No es en ese escenario, que nos lleva a fragmentarnos en burbujas de confort, sino en el de la transformación revolucionaria de la realidad, solucionando las dificultades con la participación activa del pueblo, donde fortaleceremos nuestra unidad. Pero las instituciones, liderazgos y organizaciones de la Revolución tienen que articularse en ese espacio, atender con inmediatez cuanta preocupación se exprese y no permitir que individual o colectivamente la ignorancia sobre cómo funciona esa plaza pública virtual, o el modo torpe con que a veces caemos en las trampas que nos tiende esa maquinaria de guerra comunicacional, le facilite al enemigo la tarea de dividirnos.
Nada más lejos del sectarismo que la práctica política unitaria de la Revolución Cubana que se propuso desde muy temprano renunciar solo a los «incorregiblemente reaccionarios». Para Fidel, «unidad significa compartir el combate, los riesgos, los sacrificios, los objetivos, ideas, conceptos y estrategias, a los que se llega mediante debates y análisis… lucha común contra anexionistas, vendepatrias y corruptos que no tienen nada que ver con un militante revolucionario», fuera de ellos tenemos la obligación de sumar a todos los sumables, teniendo claridad de que es también un «combate», una «lucha» en la que los revolucionarios debemos tomar partido, pero una lucha de ideas en la cual lo decisivo son y serán la cultura y la inteligencia.
Todos los que nos expresamos en las redes hemos vivido, en mayor o menor medida, alguna experiencia de la que podemos aprender. Hace algunos años, alguien me envió una «carta abierta» que se hacía eco de estereotipos sobre mí, fabricados por la maquinaria de odio contra Cuba.
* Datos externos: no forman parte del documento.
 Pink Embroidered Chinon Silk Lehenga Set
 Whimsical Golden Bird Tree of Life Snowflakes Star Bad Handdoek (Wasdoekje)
Aquella misiva de inmediato fue reproducida por el sistema de medios dedicados a atacar a todo el que defienda la Revolución Cubana. Como aún desde la discrepancia no consideré a la persona que la suscribía un enemigo, sino una víctima ocasional de esas manipulaciones, no aludí directamente al remitente y me limité a dar mi punto de vista sin ofender ni entrar en la escalada con la que esperaban cumplir su objetivo quienes se dedican a dividir a los cubanos. Hoy, me satisface comprobar que ese compañero sigue de nuestro lado, mientras otros que lo predispusieron, lo aplaudieron y amplificaron, se cuentan entre quienes se dedican a atacar la Revolución y, como parte de ella, a él y a mí.
Y es que las redes sociales digitales no son el mejor espacio para conocer al otro, mucho menos en medio de una guerra sicológica en constante crecimiento como la que tiene lugar contra Cuba. Hasta el exemperador, en la entrevista aludida al principio, reconoce la necesidad de romper las burbujas e ir más allá de los algoritmos que controlan nuestra expresión en internet: «Reúnanse… Encuéntrense en un lugar de oración, en un vecindario y conózcanse».